Discussions
# Feature Request: Pause Threshold for Natural Speech Processing
last month by Marvin Hackfort
Problem
In LiveAvatar's FULL mode, STT processing happens immediately when the user pauses. This causes the avatar to respond to incomplete thoughts before the user finishes speaking.
Example:
User: "I want to..." [pauses 1s to think]

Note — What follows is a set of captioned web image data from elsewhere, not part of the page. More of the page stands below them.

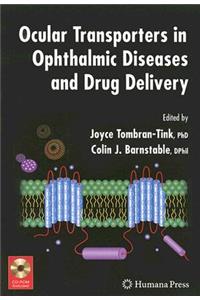 Ocular Transporters in Ophthalmic Diseases and Drug Delivery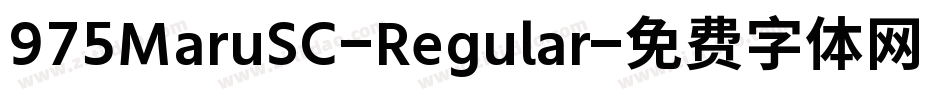 975MaruSC-Regular字体转换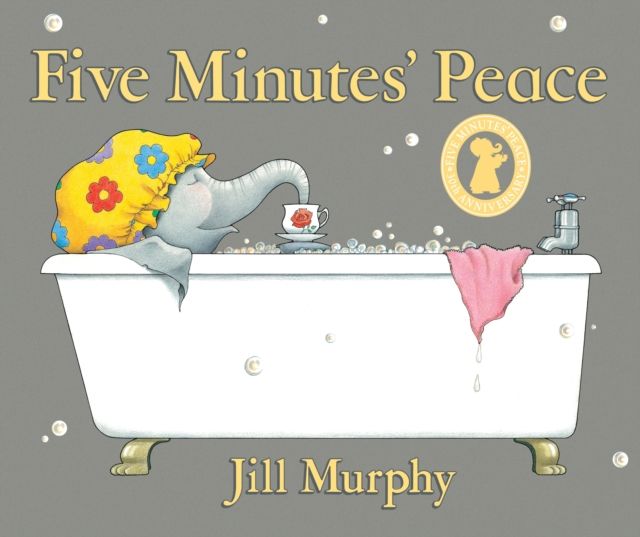 Five Minutes' Peace : A beloved classic and funny, heartwarming picture book story about a busy elephant mum and her children – perfect for mums, toddlers, kids age 3,4,5,6,7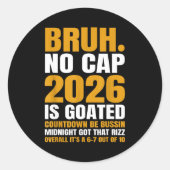 Sticker Rond New Year 2026 Bruh No Cap Countdown Bussin Funny R (Devant)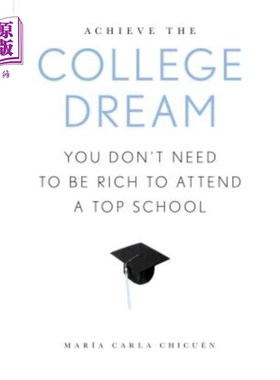 海外直订Achieve the College Dream: You Don't Need to Be Rich to Attend a Top School 实现大学梦想：你不需要富有才能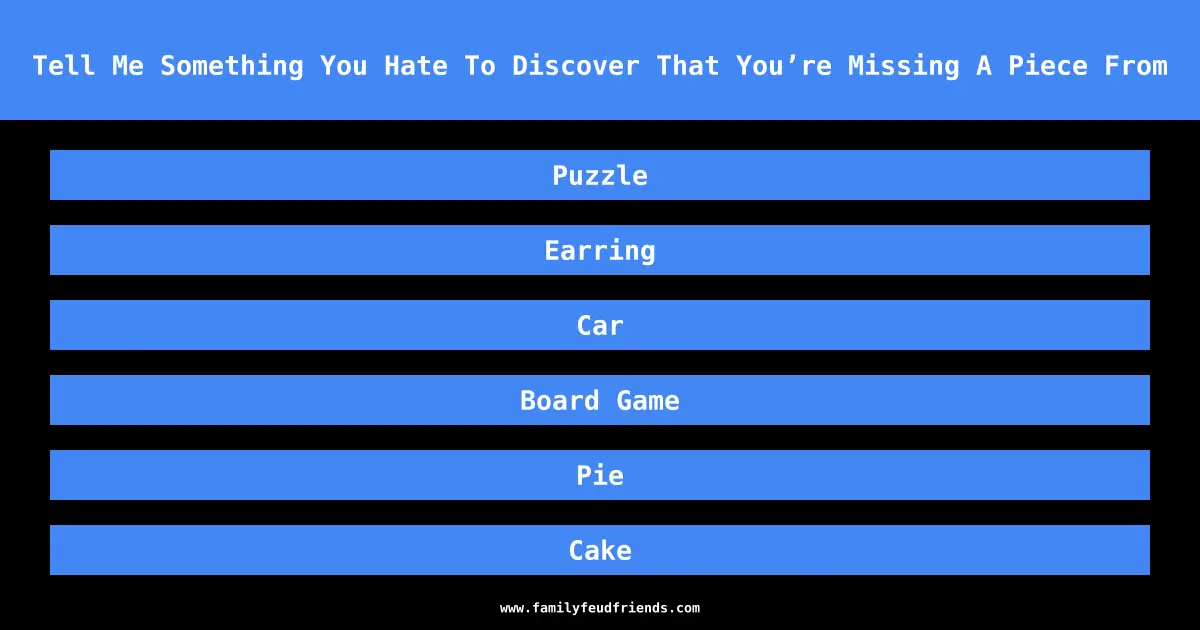 Tell Me Something You Hate To Discover That You’re Missing A Piece From answer
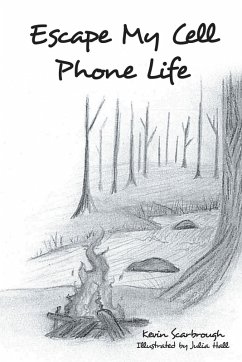 Escape My Cell Phone Life (eBook, ePUB) Escape My Cell Phone Life (eBook, ePUB)
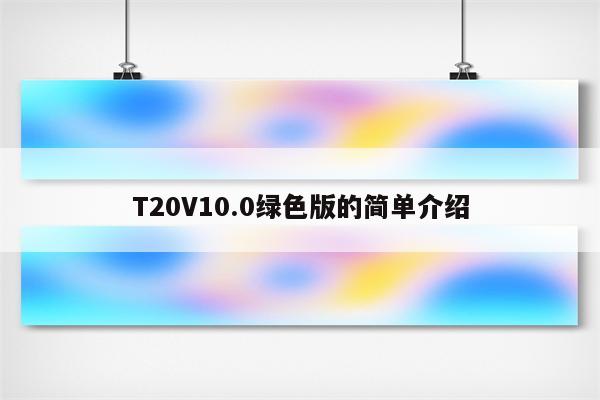 T20V10.0绿色版的简单介绍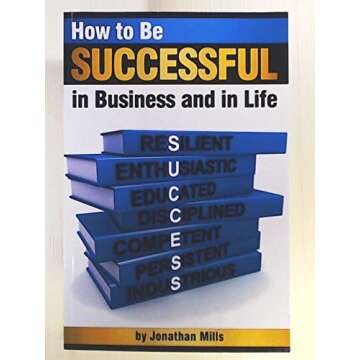 How to Be Successful in Business and in Life: Discover How to Achieve Your Goals by Mastering the 7 ...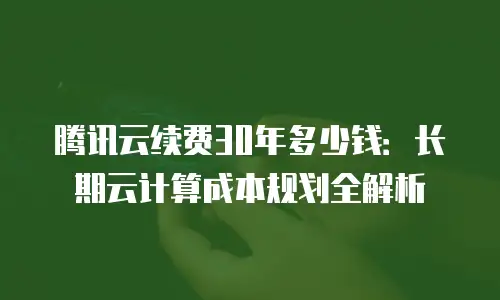 腾讯云续费30年多少钱：长期云计算成本规划全解析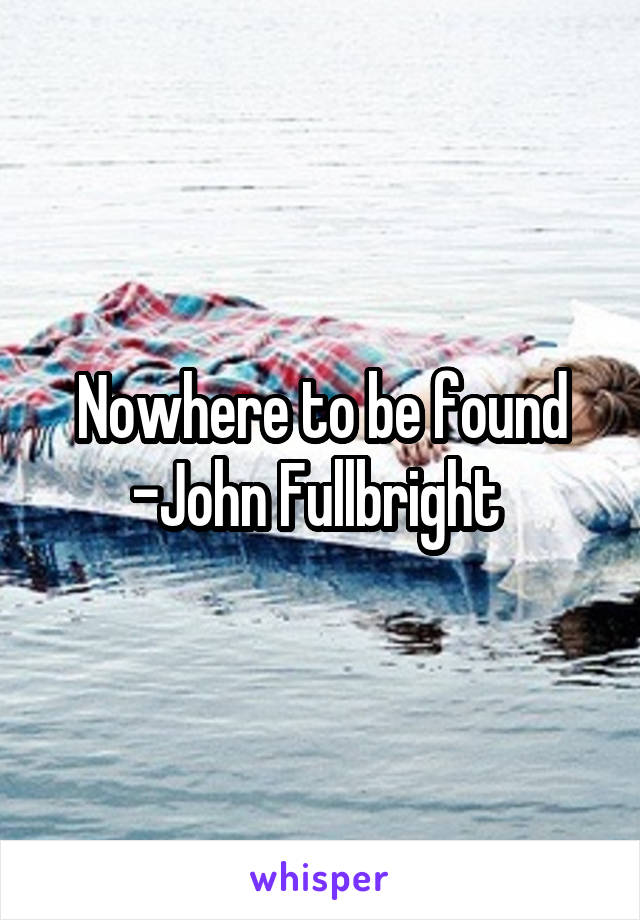 Nowhere to be found -John Fullbright 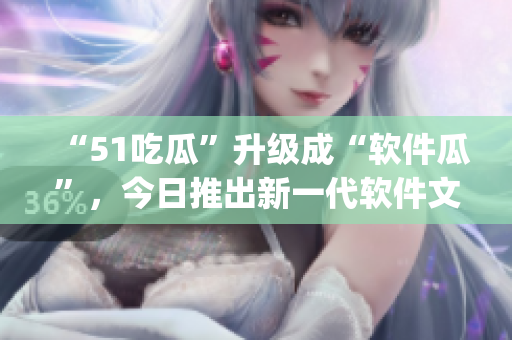 “51吃瓜”升級成“軟件瓜”，今日推出新一代軟件文化潮流App！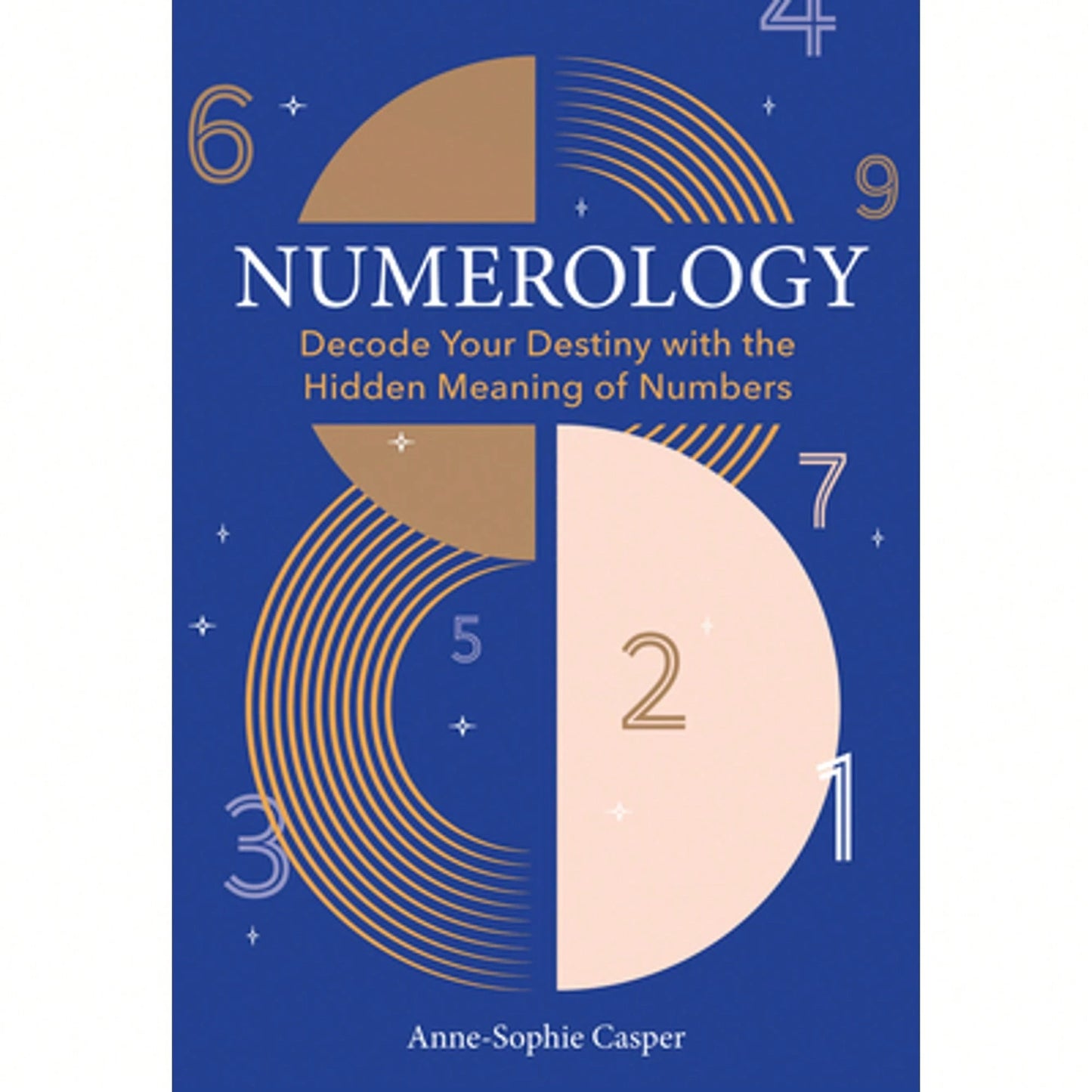 Numerology: A Guide To Decoding Your Destiny With The Hidden Meaning Of Numbers (Hardcover) By Anne-Sophie Casper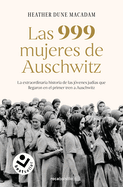 Las 999 Mujeres de Auschwitz: La Extraordinaria Historia de Las J?venes Jud?as Q Ue Llegaron En El Primer Tren a Auschwitz / 999: The Extraordinary Young Wome
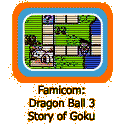 Famicom:  Dragon Ball 3 Story of Goku
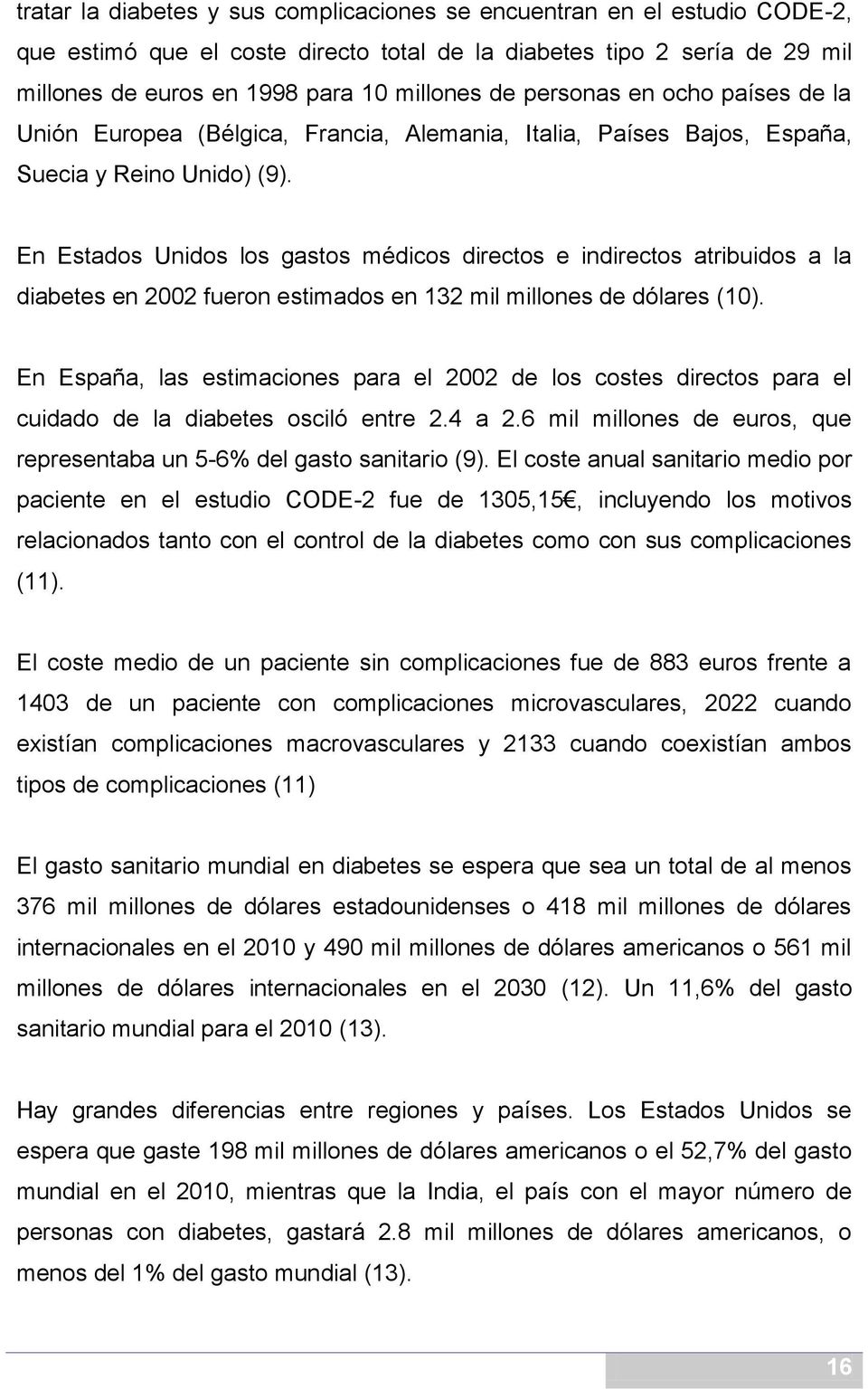 En Estados Unidos los gastos médicos directos e indirectos atribuidos a la diabetes en 2002 fueron estimados en 132 mil millones de dólares (10).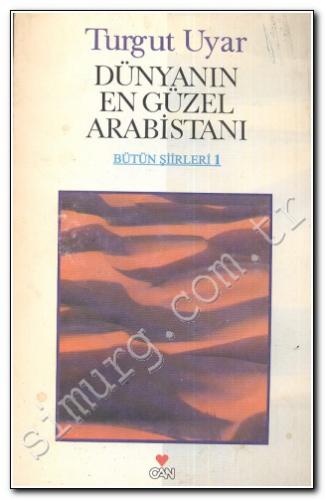 Dünyanın En Güzel Arabistanı: Bütün Şiirleri 1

Avatar: "Yes, what would you like?" ❌
User: "...discuss the methodology" [interrupted, fragmented]
Proposed Solution
Add a configurable pause threshold (e.g., 3 seconds) that waits for the user to finish their complete thought before processing.
sequenceDiagram
participant User
participant STT
participant Timer
participant Avatar
User->>STT: "I want to..."
STT->>Timer: Start 3s threshold
Note over Timer: Waiting... (1s elapsed)
User->>STT: "...discuss methodology"
STT->>Timer: Reset timer
Note over Timer: User still speaking
User->>STT: [stops speaking]
STT->>Timer: Start 3s threshold
Note over Timer: Waiting... 3s
Timer->>Avatar: ✅ Complete: "I want to discuss methodology"
Avatar->>User: [Responds to complete sentence]
How It Works
flowchart TD
A[User Starts Speaking] --> B[STT Processing Begins]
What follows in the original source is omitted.